Paul Freston e Raphael Freston

 

Em tempos difíceis, como manter-se lúcido e ao mesmo tempo esperançoso?

 

Escrevendo uns dez dias após o início da era Trump, já percebemos uma das dificuldades que a nova era vai trazer (em continuidade, aliás, com a campanha eleitoral): a nossa capacidade de nos sentir chocados, ou preocupados, ou moralmente ofendidos, diminui a cada comentário ou medida chocante, preocupante, imoral. O risco é que, finalmente, percamos essa capacidade por completo. Houve, claro, outros momentos históricos em que essa capacidade se enfraqueceu, e não acabaram bem.

 

Em tempos como o nosso, em que é fácil ou perder a percepção da anormalidade, da imoralidade, da natureza absurda dos eventos, ou então desesperar-se totalmente, como manter-se são, lúcido e ao mesmo tempo esperançoso? Algo que ajuda é o mergulho nos pioneiros pensadores cristãos dos primeiros séculos da história cristã, para perceber novamente que a não discriminação, a aceitação do pluralismo cultural, o humanitarismo, os direitos humanos (inclusive o apoio ao refugiado e o rechaço à tortura) e o questionamento da desigualdade global não são ideias “modernas” e “politicamente corretas” promovidas pelo “humanismo secular”, mas já estavam sendo desenvolvidas, nas circunstâncias mais adversas, pelos pensadores cristãos do mundo antigo.

 

A não discriminação

A ideia-chave aqui é a unidade da raça humana, criando direitos comuns; uma noção quase universalmente aceita hoje (na teoria!), mas largamente contestada ao longo da história (inclusive no século 19, com ideias científicas de poligênese da raça, e na primeira metade do século 20, com o fascismo). Segundo Lactâncio, grande autor cristão do início do século 4º, Deus tem a mesma relação com todos os seres humanos, e “por isso, somos todos filhos seus, com direitos iguais”. Máximo o Confessor (século 7º) expressa poeticamente: “O amor perfeito não divide a natureza humana, mas ama a todos igualmente”.

 

Mas este não é o mundo que vemos. Como diz Gregório Nazianzeno, grande teólogo do século 4º: “Após a transgressão, a raça humana foi separada em várias raças e a avareza dilacerou a sua nobreza natural. Você, no entanto, precisa enxergar a unidade e igualdade originais, e não a divisão posterior”.

 

A essa grande afirmação da unidade e igualdade da humanidade, Gregório acrescenta a ideia da “primeira e suprema lei de Deus”. Mas sua noção do que seja essa suprema lei diverge da de muitos cristãos de hoje.

 

“Imitemos a primeira e suprema lei de Deus, quem envia a chuva de forma igual sobre os justos e os injustos. E as suas dádivas não estão sob o domínio de ninguém, nem são demarcadas por fronteiras.”

 

A suprema lei de Deus, para Gregório, é a não discriminação!

 

O pluralismo cultural

 

Um autor cristão do século 4º diz:

Algumas pessoas mostram a sua imaturidade quando criticam Deus assim: “Por que ele não criou a mesma natureza para todas as pessoas, mas em vez disso criou seres diferentes, o que explica a diversidade de costumes e princípios entre os seres humanos?”’. Bem que tais pessoas poderiam reclamar que existe a noite tanto quanto o dia, o mar tanto quanto a terra! Querer que todas as pessoas sejam iguais no seu caráter é totalmente ridículo.

 

Afinal, afirma o autor, Deus deu a cada um “o direito de determinar o contorno de sua própria vida”, pois a liberdade e a diversidade fazem parte do plano de Deus.

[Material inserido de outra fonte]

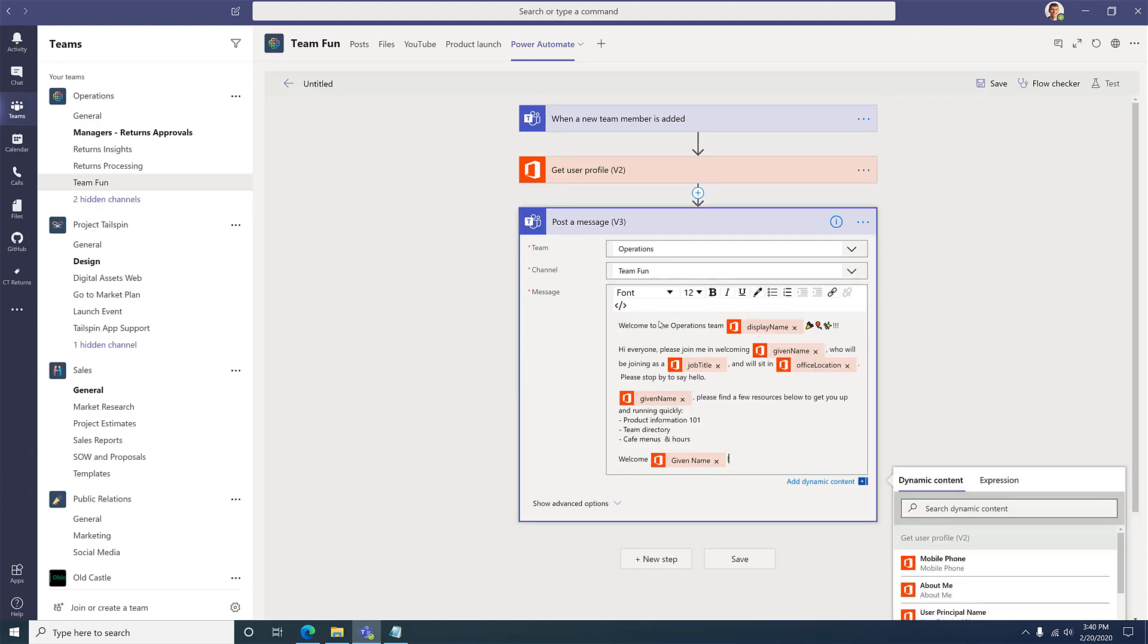Here you can see the standard text that will appear the same for everyone that's been added, as well as dynamic fields that will be unique to whoever has been added to the team.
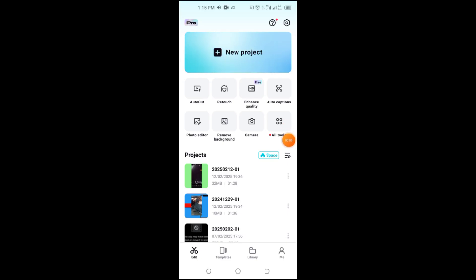Over time, CapCut has introduced many exciting features, but unfortunately, some that were once free, like auto background removal, have now been locked behind the Pro version.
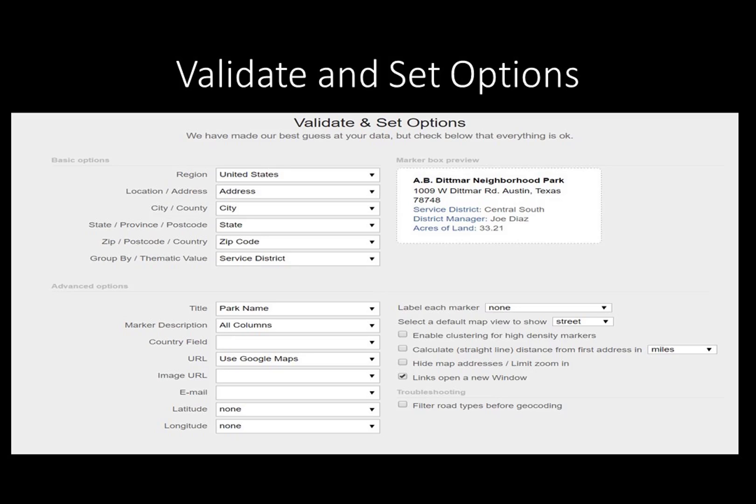The Validate and Set Options was selected to review what data will be used for the map and what information will be displayed. In this example, the basic options default was not changed. The service district was selected as the group for the map. Under Advanced Options, the park name was selected from the drop-down menu. All other options were left as the defaults. URLs, emails, line calculations, images, map views, and cluster for high density are choices available under Advanced Options.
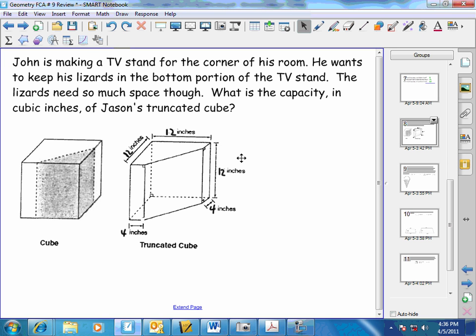I want to finish up the review for FCA number 9, Geometry FCA number 9. We did eight questions or so in class, and I'm going to do the rest of it.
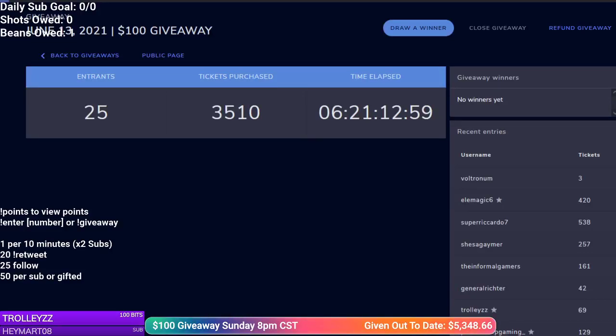All right everyone, welcome to the weekly giveaway. These happen every Sunday at 8 p.m. Central and they're for people in need. So if you're short on gas, food, rent, bills, whatever it might be, feel free to enter.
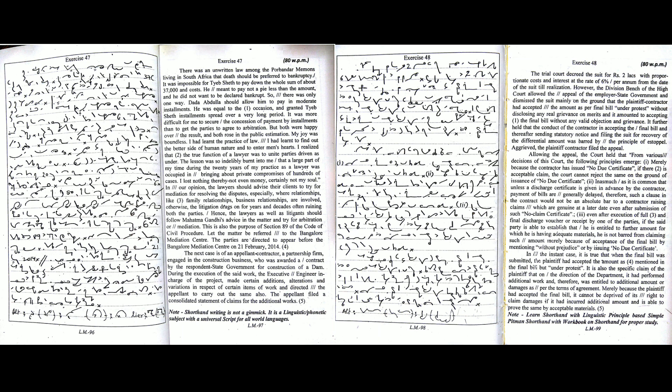Merely because the plaintiff had accepted the final bill, it cannot be deprived of its right to claim damages if it had incurred additional amount and is able to prove the same by acceptable materials.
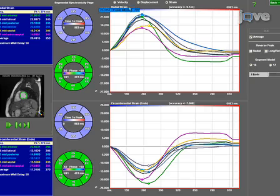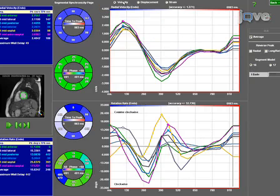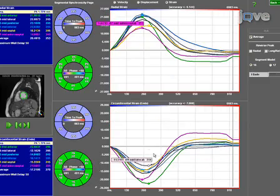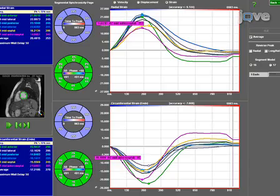Finally, the tracing is analyzed for circumferential strain assessment. Absolute as well as regional values of velocities, displacement, and strain can be derived.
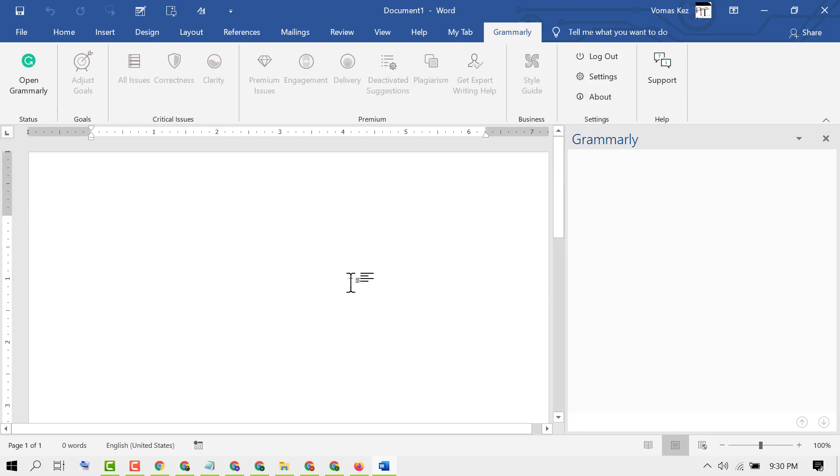In this video, we learned how to add the Grammarly add-on to Microsoft Word. Thanks for watching.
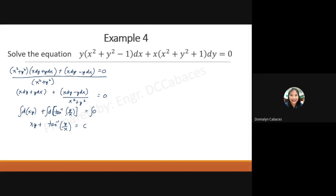In summary, finding the integrating factor by inspection depends on how well you recognize the terms of the differential equation and replace them with common or exact differentials. The four derivatives shown are just some examples — there are still other derivatives that, if present in a given differential equation, can be recognized and replaced so that we can easily integrate and provide the solution. Thank you.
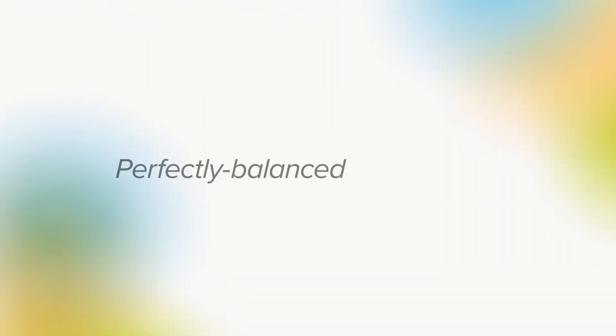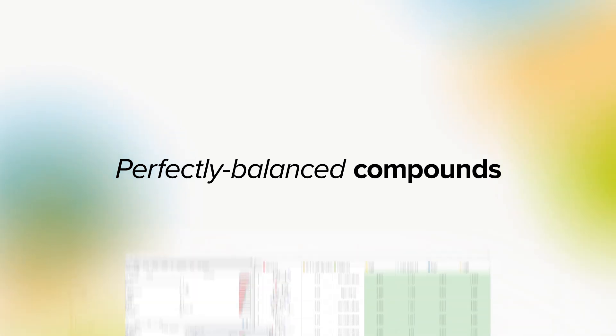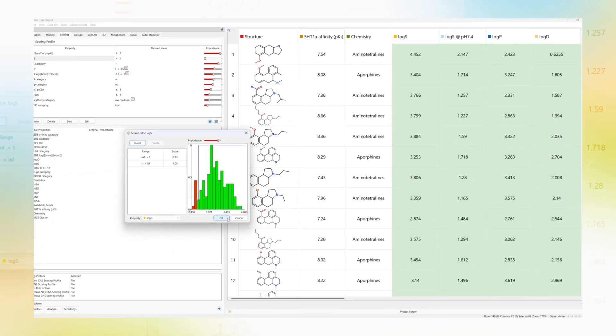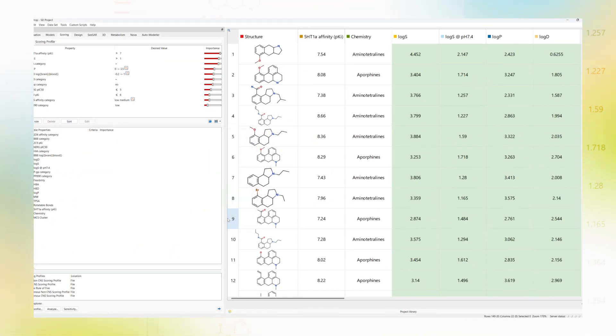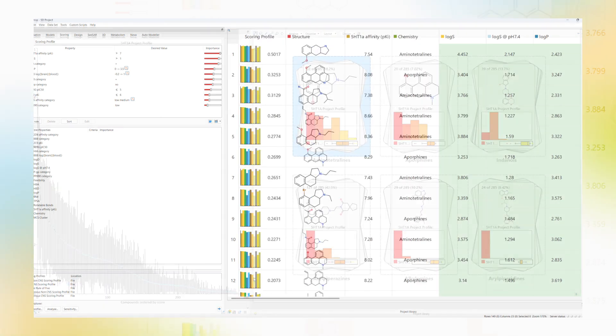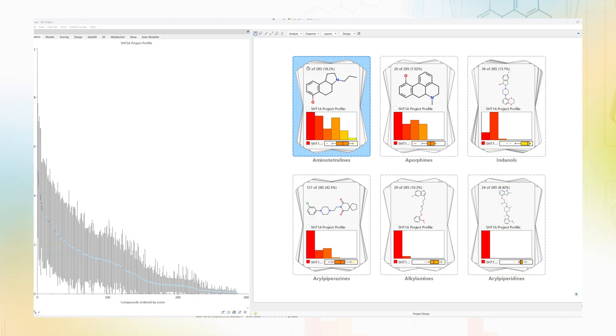You can also pick out perfectly balanced compounds with our unique probabilistic scoring approach to multi-parameter optimization. By setting a desired profile of properties, you can assess compounds for their likelihood of success in your projects.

O nome deste autor? Ninguém menos que o imperador Constantino! Parece que o primeiro governante cristão, com todas as suas falhas, já entendia mais da visão cristã do mundo do que alguns governantes da nossa época.

 

O humanitarismo

Tertuliano, por volta do ano 200, pergunta: “Por que o Senhor nos chama a luz do mundo? Por que nos comparou com uma cidade erguida sobre um monte?”. E a resposta que Tertuliano dá é que “somos chamados a nos erguer bem alto por aquelas pessoas mais rebaixadas”. E alerta: “Se você esconder a sua luz, logo você mesmo estará no escuro”.

 

Lactâncio concorda. Agir com justiça para com Deus é chamado “religião”; agir com justiça para com outros seres humanos é chamado “compaixão ou humanidade”.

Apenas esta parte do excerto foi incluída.